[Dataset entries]
BEGIN
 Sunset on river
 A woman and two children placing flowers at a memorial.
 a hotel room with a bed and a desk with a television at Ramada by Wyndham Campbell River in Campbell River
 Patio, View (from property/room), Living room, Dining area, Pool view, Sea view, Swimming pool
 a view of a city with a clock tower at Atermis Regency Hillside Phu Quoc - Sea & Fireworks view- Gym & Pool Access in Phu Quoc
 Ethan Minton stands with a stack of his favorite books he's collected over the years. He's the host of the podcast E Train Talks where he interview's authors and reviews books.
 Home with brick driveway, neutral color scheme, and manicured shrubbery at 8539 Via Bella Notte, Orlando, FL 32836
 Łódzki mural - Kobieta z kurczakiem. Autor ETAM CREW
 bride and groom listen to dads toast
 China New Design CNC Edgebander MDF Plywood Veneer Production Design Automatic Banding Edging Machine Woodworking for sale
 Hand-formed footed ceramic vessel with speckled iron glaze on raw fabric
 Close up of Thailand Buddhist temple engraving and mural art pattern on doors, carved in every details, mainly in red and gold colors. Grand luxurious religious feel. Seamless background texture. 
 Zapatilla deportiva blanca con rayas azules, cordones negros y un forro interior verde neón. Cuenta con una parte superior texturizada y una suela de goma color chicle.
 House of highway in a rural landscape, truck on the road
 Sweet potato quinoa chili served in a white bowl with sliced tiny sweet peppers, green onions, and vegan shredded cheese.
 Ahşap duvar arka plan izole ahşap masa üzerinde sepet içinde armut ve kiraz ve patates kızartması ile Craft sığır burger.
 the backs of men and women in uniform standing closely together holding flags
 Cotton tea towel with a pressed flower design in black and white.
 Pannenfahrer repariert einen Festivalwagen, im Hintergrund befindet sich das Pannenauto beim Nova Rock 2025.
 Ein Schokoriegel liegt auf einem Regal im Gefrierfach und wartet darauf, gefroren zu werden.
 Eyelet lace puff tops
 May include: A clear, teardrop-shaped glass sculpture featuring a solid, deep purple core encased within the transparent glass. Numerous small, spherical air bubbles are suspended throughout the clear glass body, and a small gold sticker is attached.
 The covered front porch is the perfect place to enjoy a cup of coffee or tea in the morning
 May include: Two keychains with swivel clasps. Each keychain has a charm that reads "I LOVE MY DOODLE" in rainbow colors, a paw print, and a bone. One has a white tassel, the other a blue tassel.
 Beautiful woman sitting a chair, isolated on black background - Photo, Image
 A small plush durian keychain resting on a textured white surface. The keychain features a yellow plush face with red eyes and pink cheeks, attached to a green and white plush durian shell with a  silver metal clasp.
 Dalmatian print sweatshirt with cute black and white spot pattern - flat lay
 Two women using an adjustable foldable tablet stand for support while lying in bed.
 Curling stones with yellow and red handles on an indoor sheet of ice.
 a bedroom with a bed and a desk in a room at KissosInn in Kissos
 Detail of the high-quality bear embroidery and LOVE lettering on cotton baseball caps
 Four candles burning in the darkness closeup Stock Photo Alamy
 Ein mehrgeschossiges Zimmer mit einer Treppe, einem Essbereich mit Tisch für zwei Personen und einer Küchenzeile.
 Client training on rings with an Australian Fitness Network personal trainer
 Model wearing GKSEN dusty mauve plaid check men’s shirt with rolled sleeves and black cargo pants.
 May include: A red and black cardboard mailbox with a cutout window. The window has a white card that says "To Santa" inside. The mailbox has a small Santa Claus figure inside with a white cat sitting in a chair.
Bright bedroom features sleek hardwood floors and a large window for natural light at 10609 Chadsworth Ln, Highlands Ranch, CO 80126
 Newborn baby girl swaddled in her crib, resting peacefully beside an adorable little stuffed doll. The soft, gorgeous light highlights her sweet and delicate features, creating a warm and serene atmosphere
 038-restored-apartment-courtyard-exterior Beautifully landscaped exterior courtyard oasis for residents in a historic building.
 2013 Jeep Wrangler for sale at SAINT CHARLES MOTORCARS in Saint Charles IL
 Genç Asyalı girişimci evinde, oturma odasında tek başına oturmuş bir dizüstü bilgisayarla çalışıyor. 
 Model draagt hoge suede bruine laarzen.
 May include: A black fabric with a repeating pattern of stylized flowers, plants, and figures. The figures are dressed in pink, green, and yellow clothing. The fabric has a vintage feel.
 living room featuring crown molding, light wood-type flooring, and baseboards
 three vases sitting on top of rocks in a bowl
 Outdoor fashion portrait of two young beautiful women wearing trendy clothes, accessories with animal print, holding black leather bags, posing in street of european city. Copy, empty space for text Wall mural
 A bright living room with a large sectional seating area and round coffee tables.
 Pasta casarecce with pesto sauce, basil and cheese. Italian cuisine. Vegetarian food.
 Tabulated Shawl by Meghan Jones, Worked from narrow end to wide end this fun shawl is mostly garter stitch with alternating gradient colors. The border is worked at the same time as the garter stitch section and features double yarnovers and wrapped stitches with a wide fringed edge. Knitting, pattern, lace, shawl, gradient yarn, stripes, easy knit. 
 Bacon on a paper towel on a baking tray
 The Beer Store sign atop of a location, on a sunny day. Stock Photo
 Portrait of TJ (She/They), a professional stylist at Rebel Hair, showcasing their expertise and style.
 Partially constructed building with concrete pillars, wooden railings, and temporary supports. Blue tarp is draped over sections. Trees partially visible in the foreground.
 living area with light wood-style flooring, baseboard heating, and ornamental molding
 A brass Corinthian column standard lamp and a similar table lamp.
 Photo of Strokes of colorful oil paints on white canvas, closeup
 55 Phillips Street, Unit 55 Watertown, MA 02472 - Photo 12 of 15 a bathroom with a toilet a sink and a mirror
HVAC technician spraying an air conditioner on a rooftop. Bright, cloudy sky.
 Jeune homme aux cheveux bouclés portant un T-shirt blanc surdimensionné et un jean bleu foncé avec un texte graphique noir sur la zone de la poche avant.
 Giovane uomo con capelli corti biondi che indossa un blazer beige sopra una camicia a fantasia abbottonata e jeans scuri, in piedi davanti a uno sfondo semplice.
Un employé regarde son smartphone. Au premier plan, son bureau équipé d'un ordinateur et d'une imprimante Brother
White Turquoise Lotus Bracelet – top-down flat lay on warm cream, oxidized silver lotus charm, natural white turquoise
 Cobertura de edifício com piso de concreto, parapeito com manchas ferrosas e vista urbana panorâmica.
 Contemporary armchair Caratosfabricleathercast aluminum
END
**WHAT YOU ARE ASKED TO DO**
Take every line above where "desk" appears and copy it.

**RESULT BELOW**
 a hotel room with a bed and a desk with a television at Ramada by Wyndham Campbell River in Campbell River
 a bedroom with a bed and a desk in a room at KissosInn in Kissos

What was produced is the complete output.